--- Work instructions ---
Answer with the exact lines of the following material from the one containing "Oatmeal Heather baseball" through the one containing "CHECKERED FLAG CROPPED TEE", both end lines included.

--- Exercise data ---
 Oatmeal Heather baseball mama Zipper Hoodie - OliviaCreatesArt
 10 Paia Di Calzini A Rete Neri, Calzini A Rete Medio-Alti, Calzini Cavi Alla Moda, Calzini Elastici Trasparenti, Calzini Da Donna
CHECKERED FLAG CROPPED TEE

--

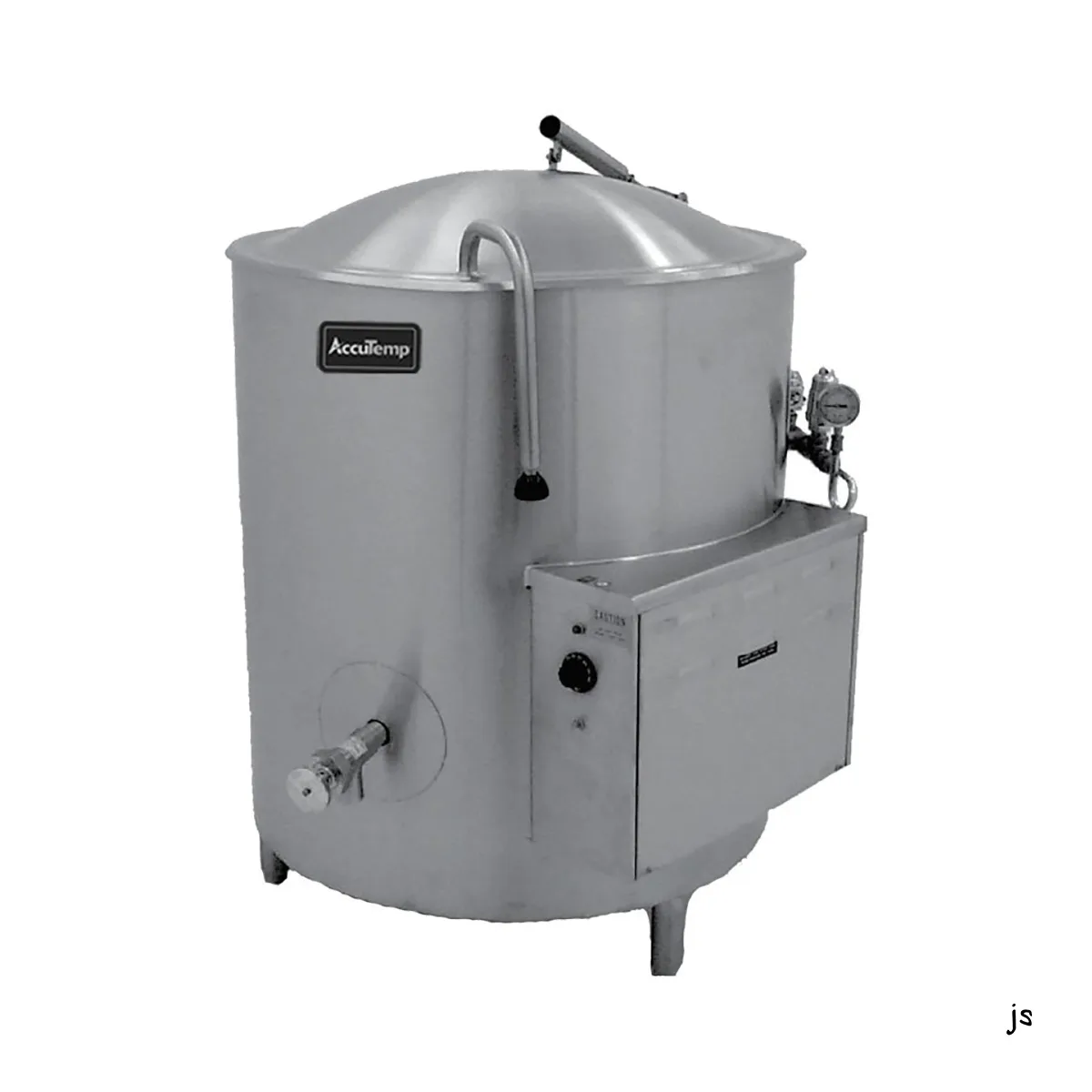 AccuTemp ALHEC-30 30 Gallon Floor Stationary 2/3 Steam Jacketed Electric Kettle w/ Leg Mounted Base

--- Completed task ---
 Oatmeal Heather baseball mama Zipper Hoodie - OliviaCreatesArt
 10 Paia Di Calzini A Rete Neri, Calzini A Rete Medio-Alti, Calzini Cavi Alla Moda, Calzini Elastici Trasparenti, Calzini Da Donna
CHECKERED FLAG CROPPED TEE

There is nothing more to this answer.